The group tells Fox News the commercial is the first in a month-long $ 4 million ad buy in Michigan.
“From Michigan and Wisconsin to Georgia and Arizona, Republicans are running for governor on dangerous plans to ban abortion with no exceptions and enforce it by throwing nurses in jail,” DGA communications director David Turner said in a statement to Fox News.
He emphasized that “while Kansas was the first post-Roe opportunity for voters to reject these kinds of radical and unpopular mandates that prohibit women from making their own personal health care decisions, governors’ races in November will be next. The DGA will continue holding Republicans accountable for their extreme agenda every step of the way.”
While Tuesday’s vote in Kansas grabbed plenty of national headlines, some Republican strategists suggest Democrats may be overplaying their hand on abortion and insist the issue won’t dominate November’s elections.
“What’s going to decide these elections are pocketbook economic issues, people’s safety, and the big thing that’s driving people’s vote in this election is their dissatisfaction with how Joe Biden’s running the country,” longtime Republican pollster Jim McLaughlin told Fox News.
McLaughlin, who conducted polling for former President Donald Trump’s 2016 and 2020 campaigns and who conducts the straw poll ballots for the Conservative Political Action Conference (CPAC), emphasized that people are “seeing failures at the border, they’re seeing failures when it comes to the economy, they’re seeing failures when it comes to inflation, and they’re looking at what’s going on with the crime problem in the major cities right now, and voters want change.”
Veteran Republican strategist Brian Walsh noted that “midterm elections are fundamentally base elections where both parties are working to energize their core supporters,” and acknowledged that “to the extent the abortion issue fires up the Democratic base that will benefit them.”

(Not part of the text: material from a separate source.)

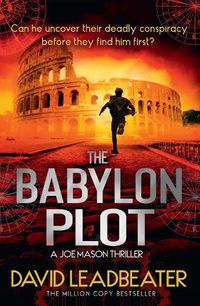 Cover image for The Babylon Plot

“But when you still have a president with an approval rating in the 30s, the economy on the brink of a recession and families grappling with record inflation and grocery store bills, it’s going to be hard for Democrats to make abortion the singular and defining issue in November,” Walsh, a National Republican Senatorial Committee veteran and a former top adviser to Sen. John Cornyn of Texas, said.
“The key for Republican candidates though will be to keep their campaigns laser-focused on the economy and to not hand Democrats additional ammunition that might divert voter attention from kitchen table economic issues,” he added.